New Annual? Don’t you mean New Year? In this case, annual may be the best word. The most common definitions of annual are something that is recurring yearly or related to something determined by a year. For example, we could talk about an annual physical checkup with the doctor or the annual task of doing our taxes. Maybe we should consider an annual meeting with our employees.
At Michigan State University Extension, we believe that involving employees in the business is a good way to develop their loyalty and improve their engagement and thus, productivity. We think that there is a place for an annual meeting with employees, not as a replacement for regular meetings that you have throughout the year, but in addition. This is not to evaluate employees because employee evaluation should be done more frequently and closer to the actions for which feedback is important.
We suggest that there are four primary things that could be accomplished in an annual meeting with employees:
1. Evaluate the business. We believe that employees can and should be told some measures of the farm business, particularly as it relates to labor. Here are some suggested measures, but talk with your lender, accountant or others to consider other measures that are meaningful and that should be tracked.
- Labor hours per cow or per acre
- Hundredweight (cwt.) of milk or lbs. of meat produced per hour of labor
- Number of months out of 12 that farm met its goal for something like SCC, calf mortality, or other measure.
- Lbs. of components (fat and protein) produced per cow, per day.
- Some measure of component efficiency (lbs. of components per lb. of dry matter intake or lbs. of components per dollar of daily ration cost.
- Value of milk sold per hour of labor.
There may be other measures that are business-wide and can be kept on an annual basis and shared with employees that are an important indicator of how the business is doing.
2. Set goals for the New Year. In having measures that you track and share, there is also the opportunity and the responsibility to set goals for each measure for the coming year. It may be that you don’t know what the goal should be for a measure, for example, what is the ideal amount of milk produced per labor hour?
Have employees help set the level that should be achieved. Keep them updated on that throughout the year. Having them help determine what level they should help achieve, will involve them in reaching the goal. It won’t be “the boss’s” goal, it will be “our” goal.

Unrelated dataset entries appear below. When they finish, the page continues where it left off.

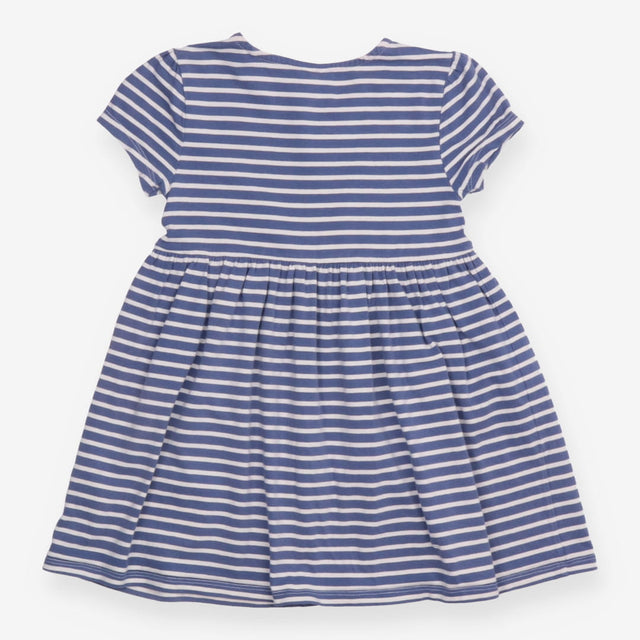Dress SS blue stripe elephants applique
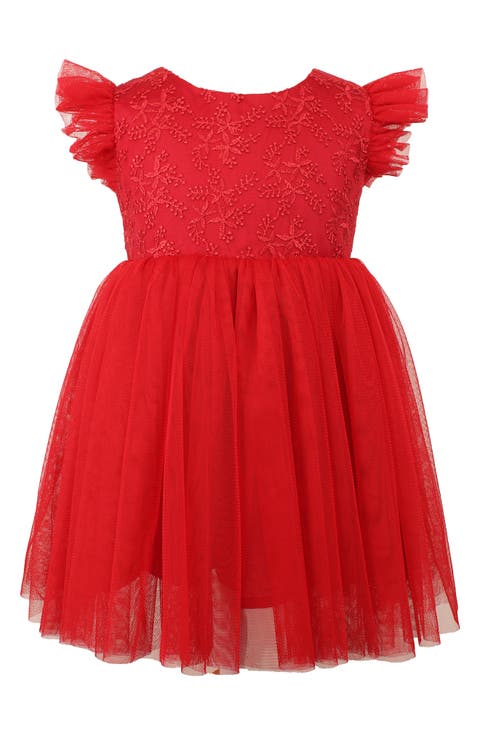 Tulle Flutter Sleeve Dress (Baby)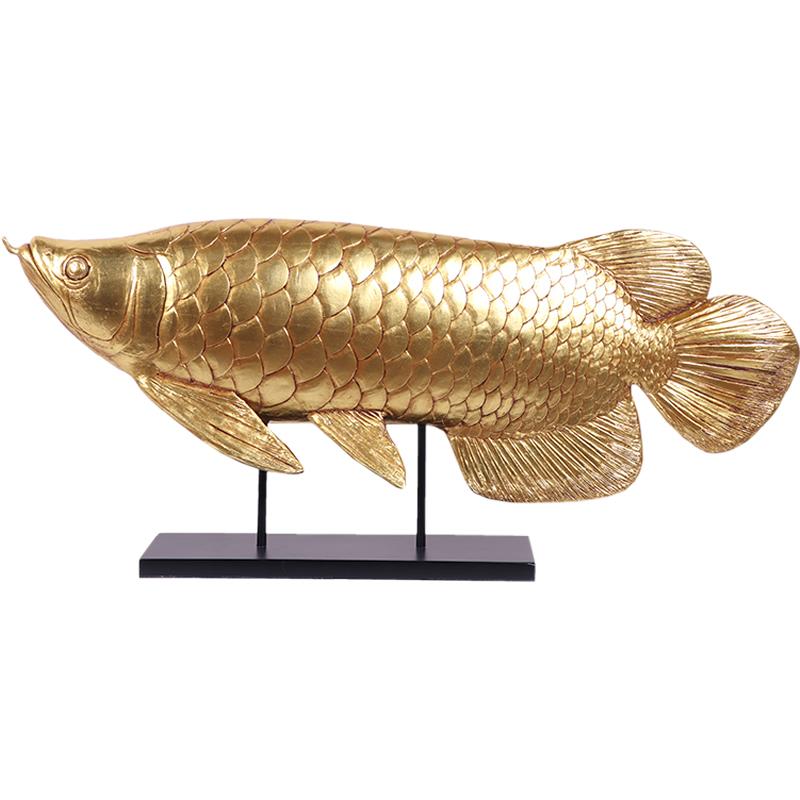 木彫☆熱帯の魚アロワナ☆ゴールド アロワナ ゴールド リアル 海洋生物 金色 熱帯魚 FRP アニマル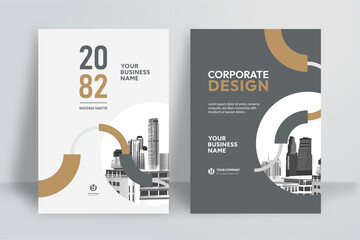Business Report Cover Template – Brown Geometric Layout (A4)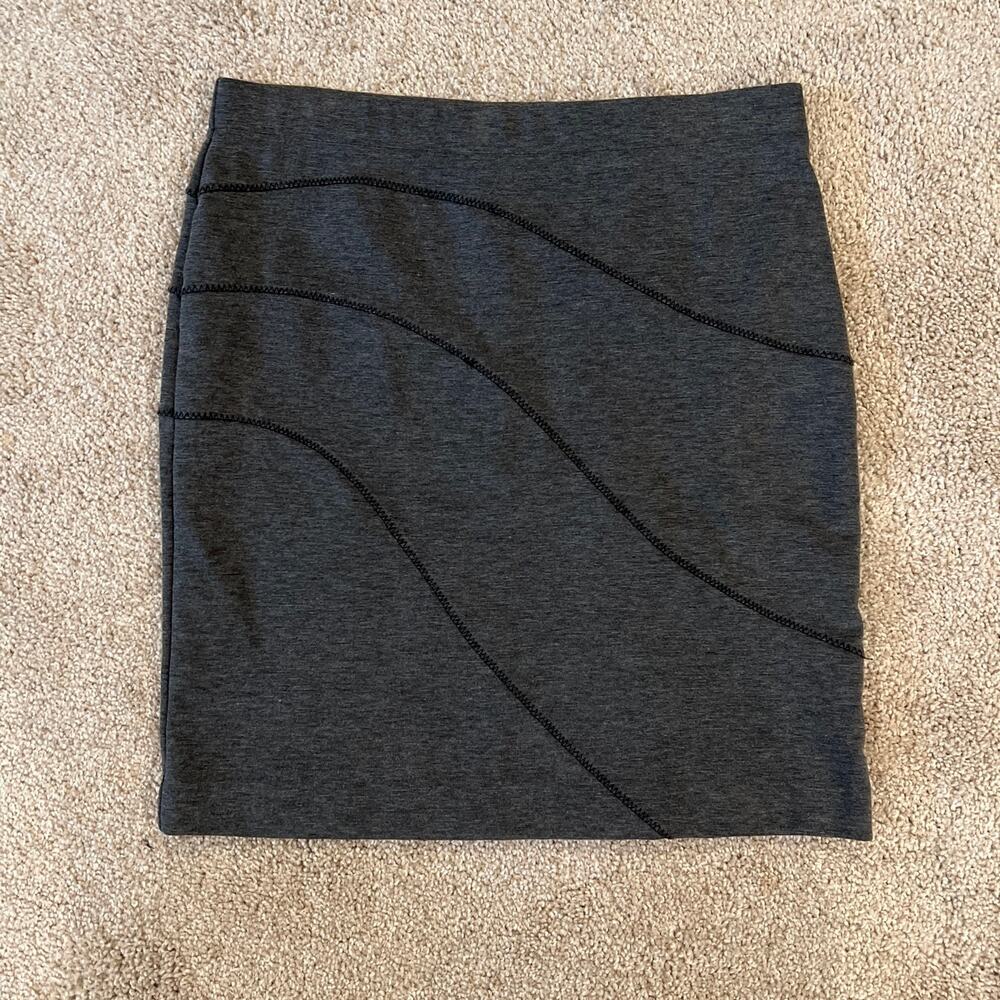 Simply Vera Gray Mini Stretchy Mini Pencil Skirt Size SMALL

3. Identify needs and opportunities. Ask your employees to list things that need repaired, re-done or replaced. You may already know most of these, but it will be good to know what your employees see as high priorities. Certainly, it is time to be realistic with employees and let them know that as a result of commodity prices that only one (or whatever that number is) project is likely to get done, and yet, it is good to keep others in mind.
Also, identify needs with which your employees can help. It may be that you anticipate that you will need to hire 10 employees throughout the year. Let employees know that you would appreciate referrals of good people who share the values of your operation.
4. Thank employees. Maybe you have already thanked employees, but is that something that can be done too often? Thank them in the context of the goals the business achieved and tell them that achieving all the goals will take a team effort of everyone working together.
Consider an annual meeting for your business. It doesn’t have to be on any certain date, but probably should be within the month after the year you are measuring (calendar year or other). As much as possible, it should involve all employees, which can be very difficult to do. Consider creative ways to come as close to that as possible. The most important outcome of an annual meeting with employees is team effort. That outcome is well worth the cost of doing it.